▸ **THE TASK**: The full set of entries must be copied exactly.

▸ **MATERIAL FOR THIS TASK**:
##############################
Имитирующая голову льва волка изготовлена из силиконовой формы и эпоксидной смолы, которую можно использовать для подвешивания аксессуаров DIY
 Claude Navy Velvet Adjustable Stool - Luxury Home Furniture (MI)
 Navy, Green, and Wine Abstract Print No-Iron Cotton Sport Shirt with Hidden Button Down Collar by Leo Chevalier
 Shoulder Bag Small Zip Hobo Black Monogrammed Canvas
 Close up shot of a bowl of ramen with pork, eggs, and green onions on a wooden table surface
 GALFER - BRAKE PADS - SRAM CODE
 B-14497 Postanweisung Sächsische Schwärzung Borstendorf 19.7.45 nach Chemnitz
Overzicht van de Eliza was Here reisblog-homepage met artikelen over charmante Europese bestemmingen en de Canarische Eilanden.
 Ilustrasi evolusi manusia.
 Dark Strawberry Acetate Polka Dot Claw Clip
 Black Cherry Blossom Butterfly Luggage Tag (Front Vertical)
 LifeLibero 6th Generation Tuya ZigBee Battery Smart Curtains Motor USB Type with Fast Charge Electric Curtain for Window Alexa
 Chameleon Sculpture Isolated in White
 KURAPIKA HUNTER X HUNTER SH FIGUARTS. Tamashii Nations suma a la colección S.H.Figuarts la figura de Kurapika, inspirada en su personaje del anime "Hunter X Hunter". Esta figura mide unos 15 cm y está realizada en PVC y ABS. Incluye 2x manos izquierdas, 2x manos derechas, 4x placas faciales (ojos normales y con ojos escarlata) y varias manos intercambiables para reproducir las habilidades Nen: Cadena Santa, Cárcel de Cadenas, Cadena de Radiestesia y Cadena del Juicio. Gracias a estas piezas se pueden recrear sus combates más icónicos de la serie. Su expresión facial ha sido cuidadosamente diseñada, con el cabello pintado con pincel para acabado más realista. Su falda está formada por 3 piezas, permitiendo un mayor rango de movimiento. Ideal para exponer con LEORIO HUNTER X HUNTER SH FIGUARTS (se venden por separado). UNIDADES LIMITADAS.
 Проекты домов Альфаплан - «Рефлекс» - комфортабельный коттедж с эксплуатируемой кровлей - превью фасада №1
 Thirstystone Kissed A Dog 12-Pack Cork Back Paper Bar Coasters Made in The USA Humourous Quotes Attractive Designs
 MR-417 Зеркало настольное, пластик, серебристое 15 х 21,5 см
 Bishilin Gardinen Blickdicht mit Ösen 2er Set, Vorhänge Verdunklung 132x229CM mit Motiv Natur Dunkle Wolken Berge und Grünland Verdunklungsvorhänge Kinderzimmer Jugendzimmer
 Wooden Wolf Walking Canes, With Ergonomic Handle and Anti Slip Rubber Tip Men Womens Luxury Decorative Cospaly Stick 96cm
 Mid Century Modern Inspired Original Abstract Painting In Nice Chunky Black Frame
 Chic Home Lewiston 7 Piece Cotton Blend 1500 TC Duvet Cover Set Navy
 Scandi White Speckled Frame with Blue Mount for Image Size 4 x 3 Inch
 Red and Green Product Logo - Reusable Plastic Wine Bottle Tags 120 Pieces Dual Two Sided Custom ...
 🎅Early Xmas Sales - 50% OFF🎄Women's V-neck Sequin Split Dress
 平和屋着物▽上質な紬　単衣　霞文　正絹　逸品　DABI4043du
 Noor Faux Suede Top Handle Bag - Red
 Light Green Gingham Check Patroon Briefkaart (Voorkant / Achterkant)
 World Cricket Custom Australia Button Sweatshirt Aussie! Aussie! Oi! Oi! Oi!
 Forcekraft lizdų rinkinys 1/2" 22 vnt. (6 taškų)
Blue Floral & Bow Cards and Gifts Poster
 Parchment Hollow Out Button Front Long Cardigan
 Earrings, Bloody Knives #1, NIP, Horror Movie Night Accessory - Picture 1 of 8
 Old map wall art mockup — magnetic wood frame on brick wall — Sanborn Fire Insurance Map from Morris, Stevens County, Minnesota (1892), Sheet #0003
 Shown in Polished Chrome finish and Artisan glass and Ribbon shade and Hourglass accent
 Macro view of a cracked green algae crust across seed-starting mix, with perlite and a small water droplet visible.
##############################
▸ **REPLY TO THE TASK**:
Имитирующая голову льва волка изготовлена из силиконовой формы и эпоксидной смолы, которую можно использовать для подвешивания аксессуаров DIY
 Claude Navy Velvet Adjustable Stool - Luxury Home Furniture (MI)
 Navy, Green, and Wine Abstract Print No-Iron Cotton Sport Shirt with Hidden Button Down Collar by Leo Chevalier
 Shoulder Bag Small Zip Hobo Black Monogrammed Canvas
 Close up shot of a bowl of ramen with pork, eggs, and green onions on a wooden table surface
 GALFER - BRAKE PADS - SRAM CODE
 B-14497 Postanweisung Sächsische Schwärzung Borstendorf 19.7.45 nach Chemnitz
Overzicht van de Eliza was Here reisblog-homepage met artikelen over charmante Europese bestemmingen en de Canarische Eilanden.
 Ilustrasi evolusi manusia.
 Dark Strawberry Acetate Polka Dot Claw Clip
 Black Cherry Blossom Butterfly Luggage Tag (Front Vertical)
 LifeLibero 6th Generation Tuya ZigBee Battery Smart Curtains Motor USB Type with Fast Charge Electric Curtain for Window Alexa
 Chameleon Sculpture Isolated in White
 KURAPIKA HUNTER X HUNTER SH FIGUARTS. Tamashii Nations suma a la colección S.H.Figuarts la figura de Kurapika, inspirada en su personaje del anime "Hunter X Hunter". Esta figura mide unos 15 cm y está realizada en PVC y ABS. Incluye 2x manos izquierdas, 2x manos derechas, 4x placas faciales (ojos normales y con ojos escarlata) y varias manos intercambiables para reproducir las habilidades Nen: Cadena Santa, Cárcel de Cadenas, Cadena de Radiestesia y Cadena del Juicio. Gracias a estas piezas se pueden recrear sus combates más icónicos de la serie. Su expresión facial ha sido cuidadosamente diseñada, con el cabello pintado con pincel para acabado más realista. Su falda está formada por 3 piezas, permitiendo un mayor rango de movimiento. Ideal para exponer con LEORIO HUNTER X HUNTER SH FIGUARTS (se venden por separado). UNIDADES LIMITADAS.
 Проекты домов Альфаплан - «Рефлекс» - комфортабельный коттедж с эксплуатируемой кровлей - превью фасада №1
 Thirstystone Kissed A Dog 12-Pack Cork Back Paper Bar Coasters Made in The USA Humourous Quotes Attractive Designs
 MR-417 Зеркало настольное, пластик, серебристое 15 х 21,5 см
 Bishilin Gardinen Blickdicht mit Ösen 2er Set, Vorhänge Verdunklung 132x229CM mit Motiv Natur Dunkle Wolken Berge und Grünland Verdunklungsvorhänge Kinderzimmer Jugendzimmer
 Wooden Wolf Walking Canes, With Ergonomic Handle and Anti Slip Rubber Tip Men Womens Luxury Decorative Cospaly Stick 96cm
 Mid Century Modern Inspired Original Abstract Painting In Nice Chunky Black Frame
 Chic Home Lewiston 7 Piece Cotton Blend 1500 TC Duvet Cover Set Navy
 Scandi White Speckled Frame with Blue Mount for Image Size 4 x 3 Inch
 Red and Green Product Logo - Reusable Plastic Wine Bottle Tags 120 Pieces Dual Two Sided Custom ...
 🎅Early Xmas Sales - 50% OFF🎄Women's V-neck Sequin Split Dress
 平和屋着物▽上質な紬　単衣　霞文　正絹　逸品　DABI4043du
 Noor Faux Suede Top Handle Bag - Red
 Light Green Gingham Check Patroon Briefkaart (Voorkant / Achterkant)
 World Cricket Custom Australia Button Sweatshirt Aussie! Aussie! Oi! Oi! Oi!
 Forcekraft lizdų rinkinys 1/2" 22 vnt. (6 taškų)
Blue Floral & Bow Cards and Gifts Poster
 Parchment Hollow Out Button Front Long Cardigan
 Earrings, Bloody Knives #1, NIP, Horror Movie Night Accessory - Picture 1 of 8
 Old map wall art mockup — magnetic wood frame on brick wall — Sanborn Fire Insurance Map from Morris, Stevens County, Minnesota (1892), Sheet #0003
 Shown in Polished Chrome finish and Artisan glass and Ribbon shade and Hourglass accent
 Macro view of a cracked green algae crust across seed-starting mix, with perlite and a small water droplet visible.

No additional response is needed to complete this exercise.